Guardian Cycle by Julia Grey

Aug 06, 2011 02:29

I just finished the Guardian Cycle by Julia Grey, which is a series of about five books of medium length each. It's one of those series that I'm not entirely sure about. I think some parts of it were excellent, and some parts of it were awful, with very little in the middle, and even now I'm a bit unsure about which bit is which.

The series is very different from most because the lead character is a cripple, and he doesn't go around killing people. The whole plot rather tends to be driven by him talking to people and trying to convince them to do what he wants. If he fails, Very Bad Things happen and lots of people die. Equally, he tends not to be a decisive character, and never knows what to do or even why he's doing things at any moment. The approach is quite refreshing, but it does tend to be also really frustrating. The book also seems to be extremely character driven too, to the point that world building gets badly neglected. Although any location is well described, I had a complete lack of sense of place, and this did a lot to ruin parts of the books for me.

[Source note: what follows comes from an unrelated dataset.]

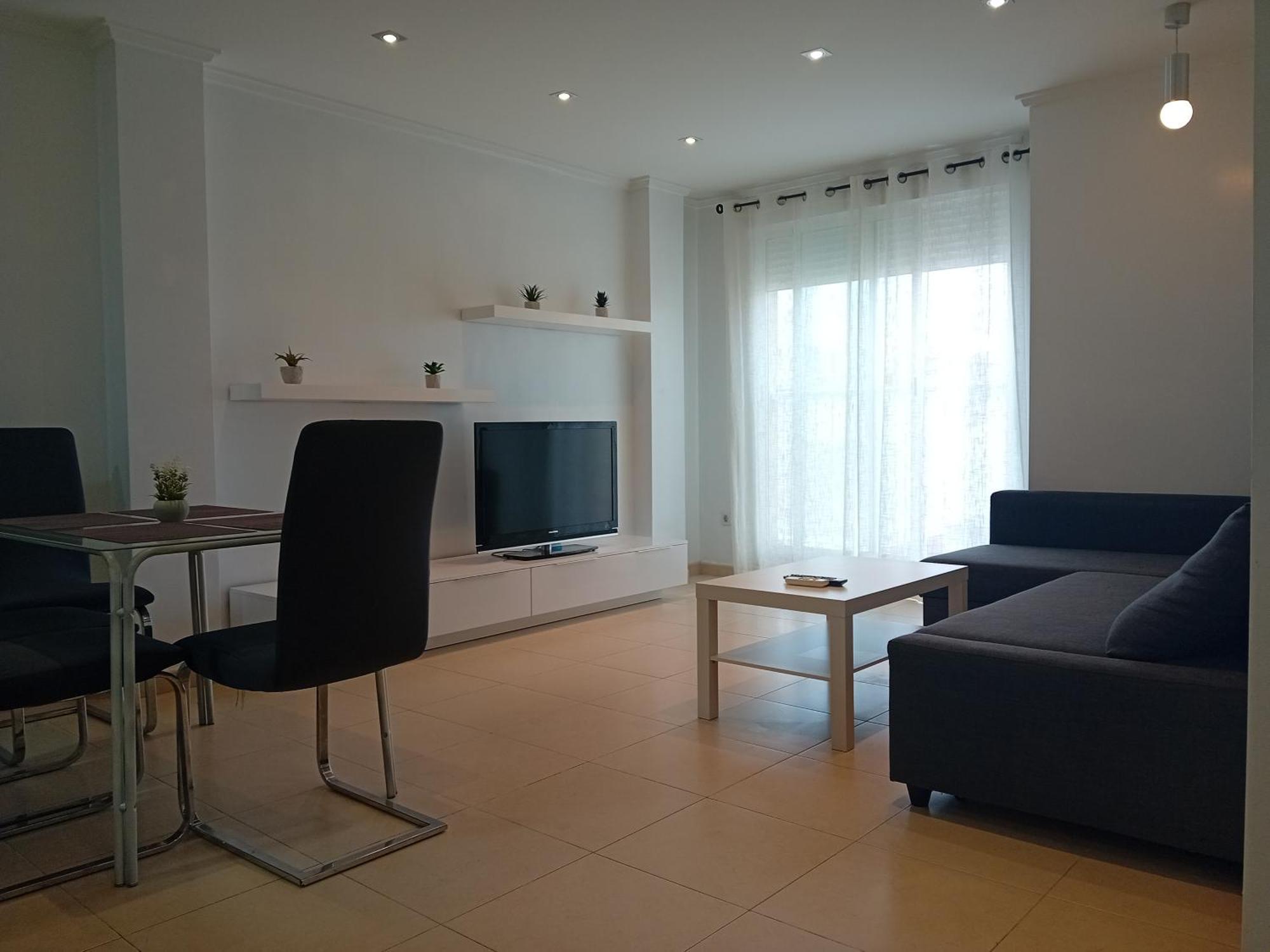 Apartamento Luna Gandie Extérieur photo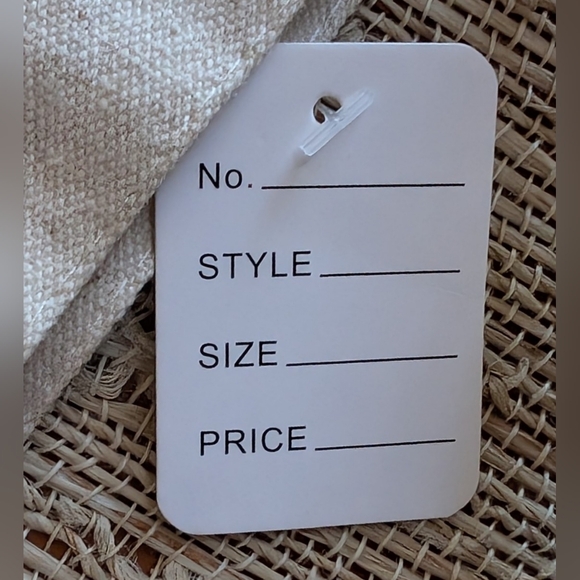 Christy Dawn •  Regenerative Revolution Tote Bag NEW - Picture 8 of 8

The magic system is also really confusing for me, because there doesn't seem to be one. In fact, the whole books have the feel of a no-magic fantasy land. The set-up actually starts with a very scientific astronomy system based around four moons, which is again interesting and refreshing. But then magic does crop up and it's never really described or made to make sense. It mostly tends to be about belief magic (believe something hard enough and it will come true), but then there's also psy gifts, weird water magic and one character can control the weather. The whole thing did tend to give a feeling of Deus Ex Machina to parts of the plot that magic gets involved in and I never knew when magic would come in and Make Everything Better.

I do have the strange feeling that someone who is not me, and has a different set of priorities in reading, would love this fantasy series. However, it utterly failed to do it for me.